Franciscus, met nimbus, is afgebeeld met een baardje en tonsuur.
Hij is gekleed in het bruine franciscaanse habijt. Ook draagt
hij een scapulier in dezelfde kleur waarvan onderaan een deel
voor zijn knieën gevouwen ligt. (Zie hieronder kader.) Hij heeft
een lichtbruine schoudermantel. Hij draagt om zijn middel een
wit koord met drie knopen in het afhangende deel - tekenen van
de drie kloostergeloften: armoede, kuisheid en gehoorzaamheid.

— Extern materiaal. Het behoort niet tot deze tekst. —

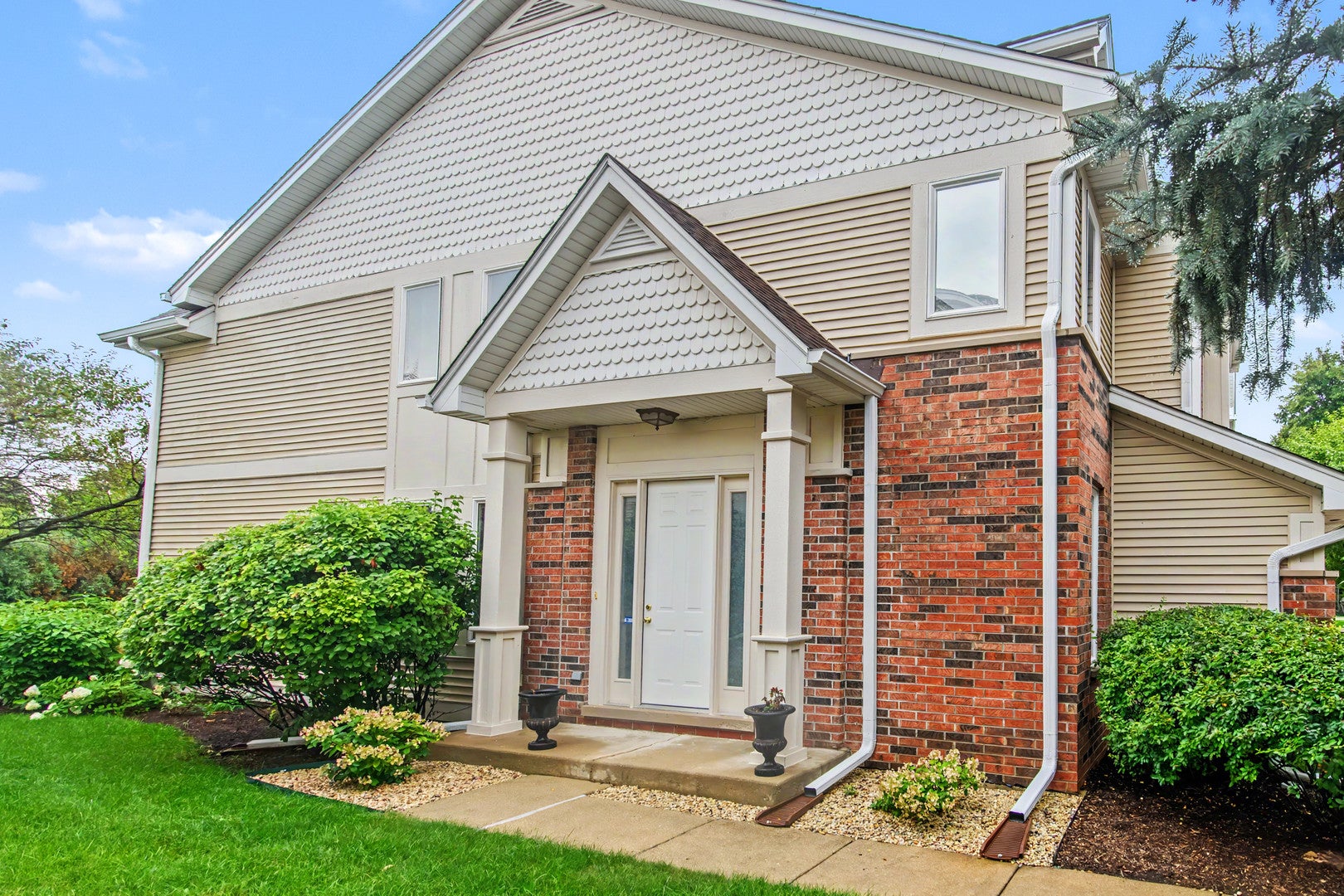 360 Parkview Terrace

Aan het koord hangt een rozenkrans. Hij ligt, met zijn armen
naar boven gestrekt in een gebedshouding, geknield voor Jezus
Christus en richt zijn ogen op hem. Christus, met een
kruisnimbus, staat afgebeeld met een doornenkroon - een teken
van zijn lijden - als het ware hangende aan het kruis en als een
seraf met zes vleugels: twee vleugels (wit) boven zijn armen om
zijn gezicht te bedekken; twee dubbele vleugels (groen en rood)
achter zijn armen om te vliegen; twee vierkleurige vleugels
(geel, paars, groen en rood) om zijn onderlichaam bedekken.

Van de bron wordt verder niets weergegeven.